##### Source information #####

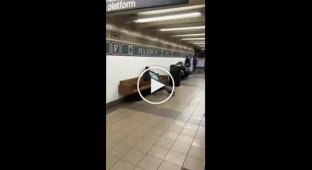 Прелести метро в Нью-Йорке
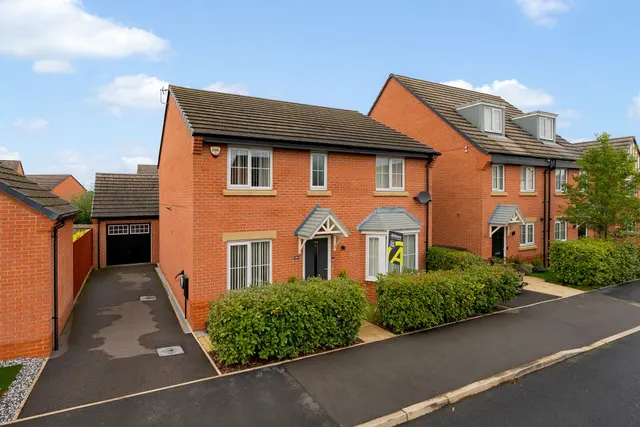 Northumberland Road, Widnes, WA8, photo 1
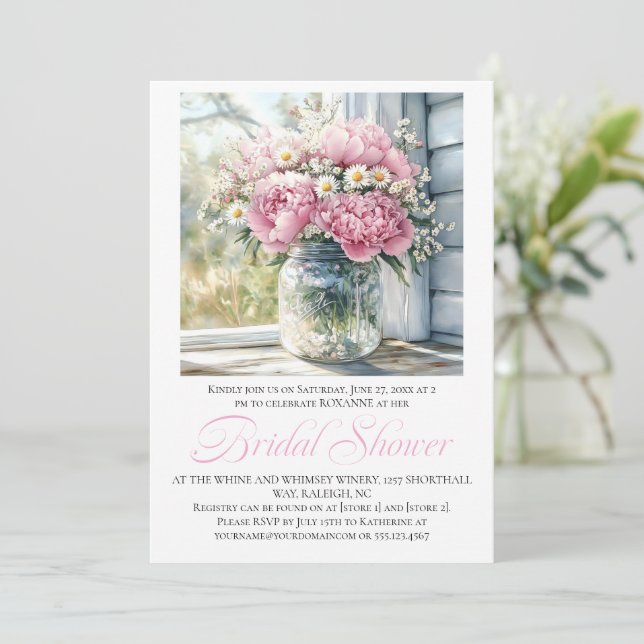 Invitación Pink Peonies White Daisies in Mason Jar (Anverso de pie)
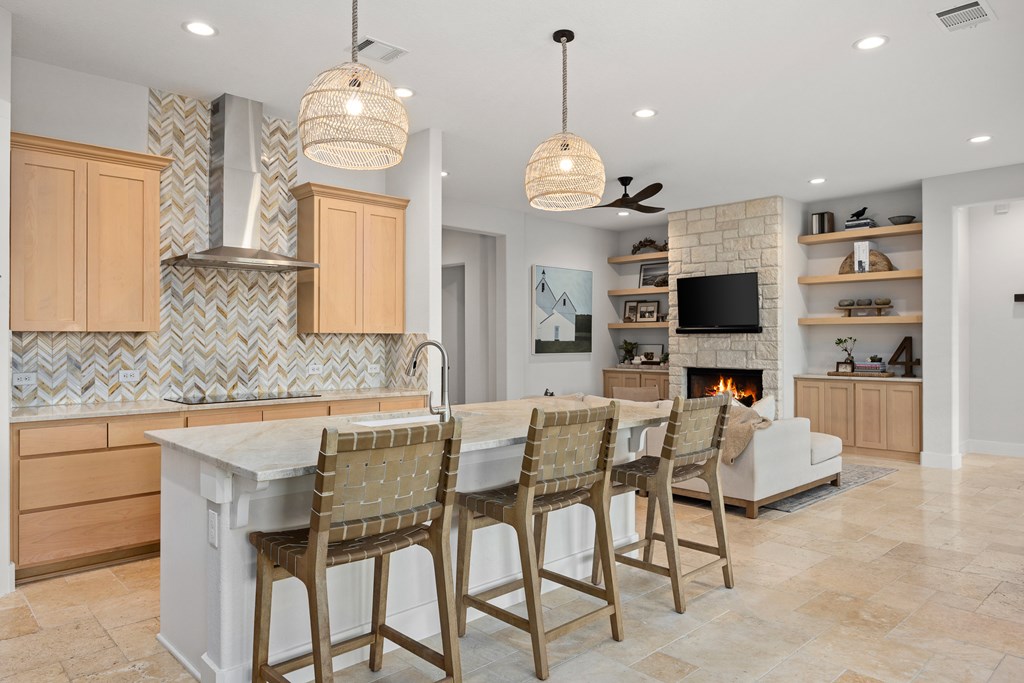 2040 Toscano Way Kerrville, TX 78028 - Photo 3 of 28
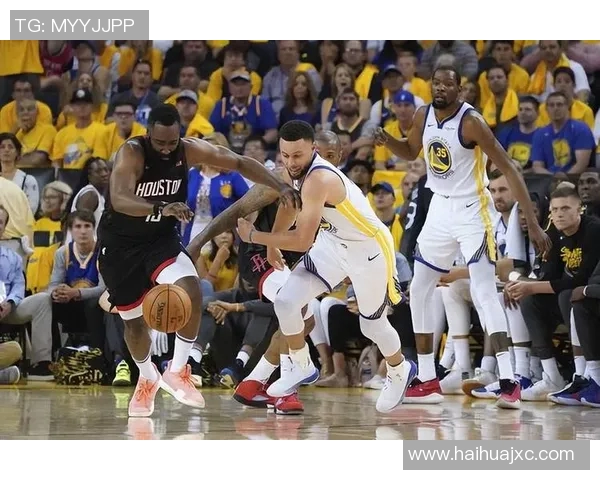 2021年2月1日勇士对决强敌精彩赛事回顾与分析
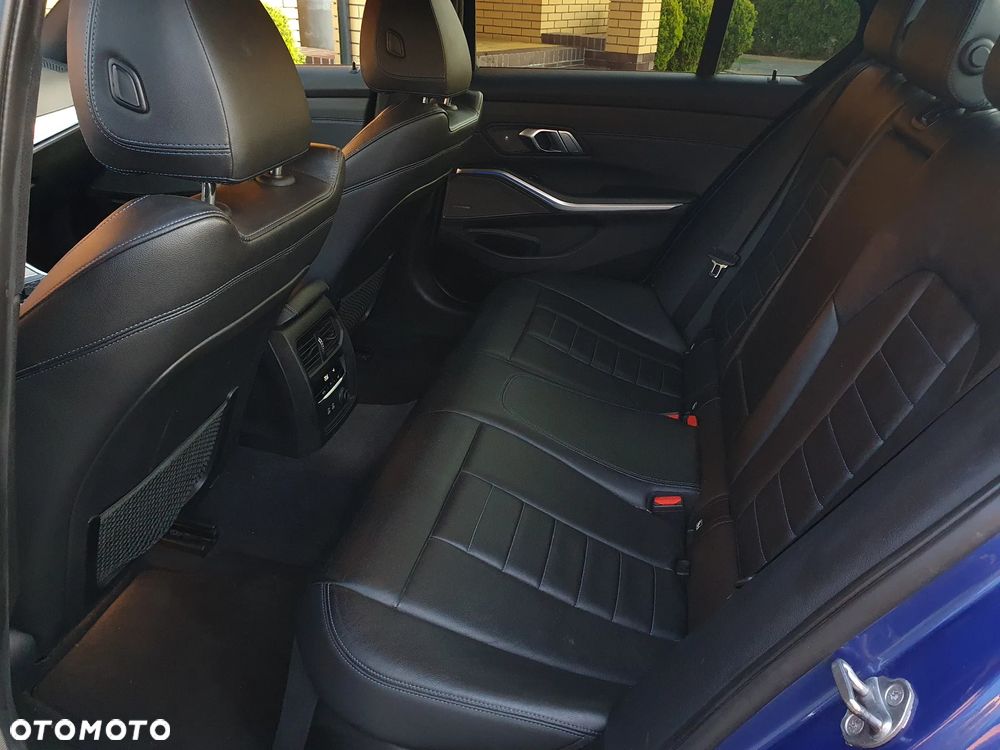 BMW Seria 3 320d M Sport Shadow - 9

#####

Task: Every entry above is to be set down exactly; the pictures are to be left out.

Result of the exercise:
 Прелести метро в Нью-Йорке
 Northumberland Road, Widnes, WA8, photo 1
 Invitación Pink Peonies White Daisies in Mason Jar (Anverso de pie)
 2040 Toscano Way Kerrville, TX 78028 - Photo 3 of 28
 2021年2月1日勇士对决强敌精彩赛事回顾与分析
 BMW Seria 3 320d M Sport Shadow - 9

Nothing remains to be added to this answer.